Photo by 大洞博靖氏
きたる12月。開催日は未定だけれど、東京は板橋宿本町ちかくのギャラリー「ダンジョン」で、詩と美術のコラボレーション展が開催される予定です。ダンジョンを主催する映像作家の安藤順健さんと詩人・評論家の生野毅さんがタッグを組んでディレクションをする。
ぼくは、展示はしないのだけれど、今年8月にワタリウム美術館で共演したバンドAramのベーシスト・村岡佑樹さんと、今回、初共演となる踊り手のレンカさんとで、ポエトリー・リーディングに挑みます。さらに、Aramからもうお一方、出演予定。
さて、9/27、「開座・森下アトリエ公演 夜たらし」にてレンカさんが踊るという。安藤さん、生野さんとともにうかがった。共演は、岡庭秀之(舞)さんと金子雄生(トランペット・民族楽器)各氏。場所は、墨田区のとあるマンションの一室。でも室内は、古畳と木箱が雑然と置かれた、大正期の芝居小屋の雰囲気。金子さんがダークでフリーなフレーズのあいまに、映画「死刑台のエレベーター」のあのメロディーを引用し、白髭で着物姿の舞手、であるはずの岡庭さんが即興で古典落語をぶつ。そのテクスチャーの表裏で、レンカさんが、舞った。
今回のレンカさんの「舞」は、あまり激しく大振な動きはせずに、たたずみ、ゆれ、顔と指先と肉体と白い肌が見せる表情のうつろいで、言葉にならないなにかを、うったえかけてくる。岡庭さんの艶っぽい落語の近傍、白熱灯をもちいた「変顔」芸で、子どものように遊びまわりながら。
その動きは、とてもシンプルだ。両腕を肩まで水平にゆっくりとあげ、ライトの光を指先で散らしながら、祈りスレスレに、ゆっくりと体の正面であわせるだけで、他界のようなゾーンを降ろしてしまう。そして、その動作は肉体のエロティシズムを放散しつつ、人形の冷たい自動性もおびている。光のなかで、儚げにゆれる、乾いたエロスを。
レンカさんは、自身の身体を、ダンスと呼んだり、舞踏と呼んだりするのを好まないみたいだ。さるダンス・カンパニーで学んだ彼女の「踊り」は、いまはどのスクールにも属していない。
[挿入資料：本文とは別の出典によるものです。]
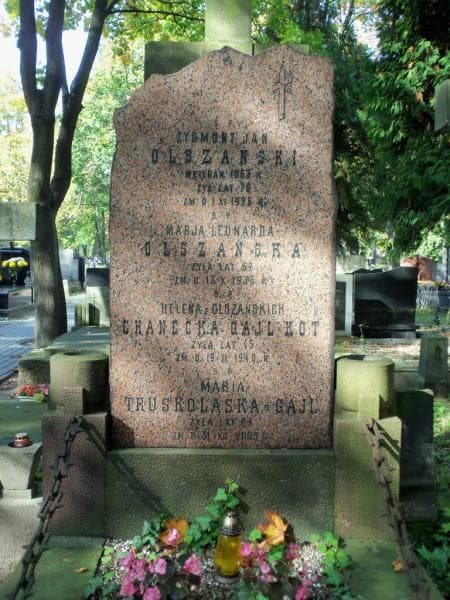 Zdjęcie grobu Zygmunt Jan Olszański (2)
ただただ、惹きこまれ、ずっと観ていたくなる素直な美しさと深さを宿している。
夜には、予告なく新宿の路上にでて、見ず知らずのミュージシャンやパフォーマーたちと一期一会のセッションを愉しむという、レンカさん。Aramのみならず、そんなフリーな肉体とアーティストシップをもつ踊り手と、これから、一夜の夢をみることができるなんて。とても、光栄で、たのしみ。